An evolved approach towards this problem would codify such a workflow and perhaps even integrate it into the compiler. A compiler with a history of its compilations or integration into a source control system could do a lot to help manage versioning. Once a type has been identified as something where previous versions are known and important–such as existing in serialized forms or used within the internals of frameworks– its structure should be set as “immutable”--such as the file becoming read-only and any attempts to modify it resulting in compiler errors unless done in a privileged way. Desired mutations to such a structure should be expressed through a specially crafted Domain Specific Language to define transformations to the type – such as “remove a field”, “change the type/name of a field”, “add a parameter to a method”, etc. With such tooling, the compiler could generate versioned objects and ADAPTERs between versions synthetically.
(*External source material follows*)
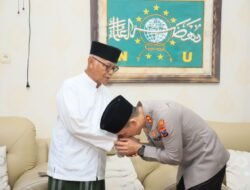 Jelang Pindah Tugas ke Mabes Polri, Kapolres Kediri Kota Silaturahmi dengan Gus War di Ponpes Al Amien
Such an approach is basically used in database migration tools such as LiquiBase which perform database schema versioning. I argue that is essentially the same problem as serialized object versioning. Consequently, dealing with versioning may not actually be a “sub-feature” that a serialization library needs to manage itself. It may actually be a separate feature/library that handles versioning in a way that serialization is compatible with and respects.
Conclusion
We've explored the architecture of various serialization offerings. Java IO has a small public surface area, though larger than expected complexity in the innards of java.io.ObjectOutputStream/ObjectInputStream
. Gson has a relatively straightforward architecture. Jackson's architecture is massive and fragmented, with a lot of moving parts that obscure a relatively simple fundamental pattern. Johnzon's architecture is a bit slimmer, using modern API design techniques. Kryo features abstractions built from the ground up that focus on performance. While Kryo doesn't rely as much on JDK standards, it does offer a small, understandable surface area of functionality. All of these architectures can be summarized as variations of a basic combination of usage of the FACADE and STRATEGY patterns. This common kernel suggests a uniform API, which I explore next.